É, de facto, útil para compradores?

No princípio foi difícil pela variedade imensa de produtos que existe, por isso, era difícil comprimir informação de todos os produtos. Mas, hoje em dia sim. A sede é na Holanda mas claro que o projeto é Europeu, já que se estendeu a vários países. 

A Associação Portuguesa do Lixo Marinho acompanha este projeto? 

Sim, agora sim. Enviamos algumas fotografias dos produtos de forma a contribuir. Neste momento, têm no site uma lista de nomes dos ingredientes. Os nomes mais complicados. Poderão ser vistas. Se tiverem esta lista convosco quando forem ao supermercado ou a outras lojas mais dedicadas a produtos cosméticos, podem verificar se há algum daqueles ingredientes presentes no produto escolhido. Mas desde já digo que será muito difícil não encontrar nenhum destes compostos. 

Porquê? 

Como disse, uma coisa são as partículas que até algumas se vêem, embora sejam muito pequenas. Outra coisa é o tipo de material que nós não conseguimos ver, por exemplo, o plástico líquido. 

No caso da maquilhagem, mais concretamente das purpurinas, é mais fácil de identificar porque são ligeiramente maiores, brilham… portanto estas não são necessárias identificar porque são, em regra geral, artificiais. Exceto quando dizem que são minerais uma vez que normalmente são outros compostos naturais que não têm estes impactos. Portanto, existe esta distinção. 

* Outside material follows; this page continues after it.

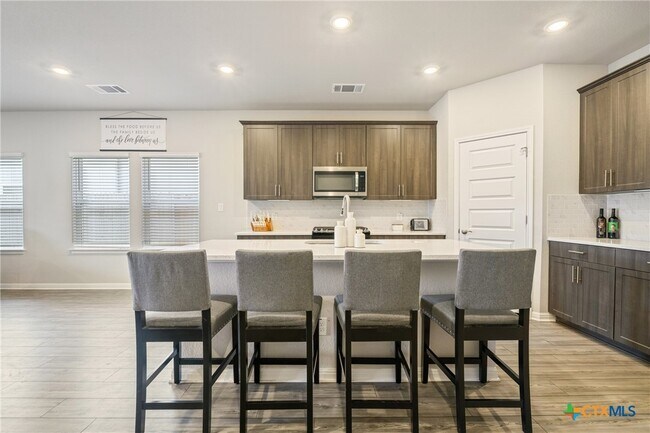Photo - 10310 Mager Ln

Os produtos bio resolvem o problema?

Eu não conheço bem estes produtos. Claro que se a embalagem é em papel e não em plástico, já é um progresso. Agora, se resolve? Não. O que poderia vir resolver é a fonte, ou seja, não introduzir plásticos nos produtos. Tudo o resto são facelifts que fazem aos produtos para que eles pareçam mais ecológicos e mais enquadrados naquela que é, agora, a lógica das coisas bio. Muitas vezes, até há uma boa intenção, claro, mas não resolve. Melhora, mas continua a ser mau. Se não fizerem mais nada ao produto, estamos só a falar da embalagem…  

Aqui é de referir a publicidade enganosa. Levar o consumidor a achar que está a comprar uma coisa muito ecológica em que lê desde logo “bio”. Ok, mas na verdade não se sabe o que quer dizer. Também há muitos microplásticos. Portanto, isto representa uma confusão enorme para o consumidor. Não existe uma informação que seja fácil entender pelo consumidor que normalmente é leigo nestas matérias. 

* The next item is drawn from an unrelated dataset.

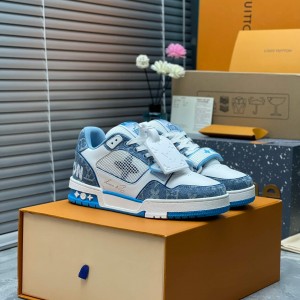 「#134」LOUIS VUITTON Trainer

Existem diversos problemas relacionados ao uso de substâncias tóxicas na indústria de cosméticos. A falta de fiscalização será aqui também um fator importante?

Creio que não. A indústria dos cosméticos é muito fiscalizada. A não ser que sejam produtos vindos de outros países, por exemplo, da China. Países onde não há controle de qualidade. Quando não existe este controle, estamos sujeitos a tudo. Portanto, os países que não fazem controle de qualidade sobre os seus produtos e que os exportam e, na verdade, importam sujeitam-se a que existam nesses produtos componentes tóxicos. 

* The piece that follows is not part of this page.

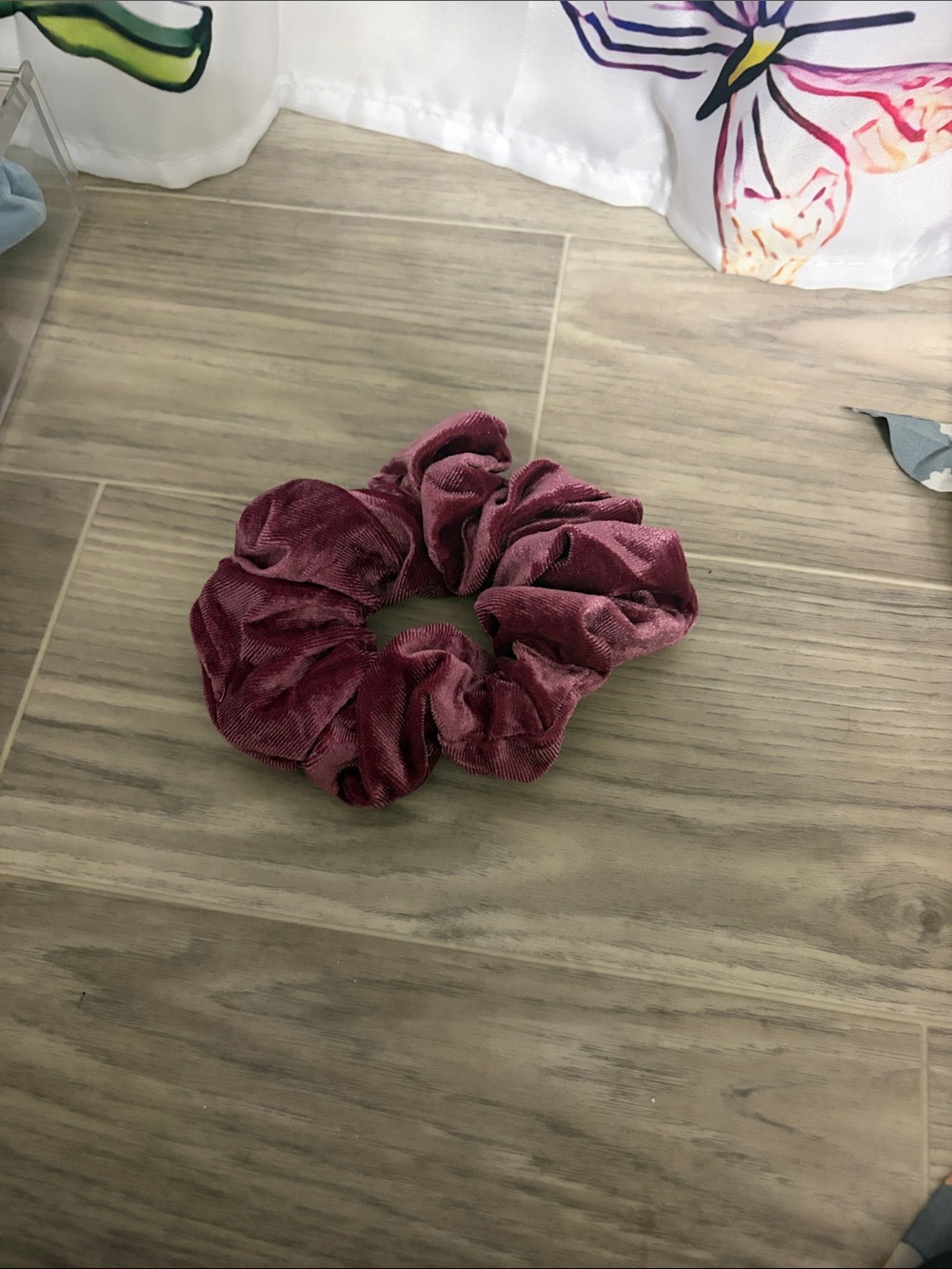 Velvet Scrunchie Hair Tie - Burgundy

Claro que é de referir que estão controladas… até um ponto. Há um ponto a partir do qual não se pode controlar. 

Qual é esse ponto?

Há muitos compostos que nunca foram ensaiados do ponto de vista da sua toxicidade. Isto acontece muito com os plásticos visto que têm muitos aditivos, que, um número conservativo, são 1000 compostos diferentes em que nesta amostra só se podem ensaiar cinco. Portanto, os outros continuam a ser usados e nós não sabemos verdadeiramente os perigos. Muitas vezes os produtos tóxicos de produtos de primeira geração, os primeiros que a indústria produziu para adicionar, são mais tóxicos do que produtos posteriores que já são mais modernos, que são produtos de segunda e terceira geração. A indústria, de certa maneira, tem interesse em que os seus produtos não sejam classificados como elevada toxicidade. Portanto, também investem nessa investigação para tentarem fazer produtos cada vez menos tóxicos.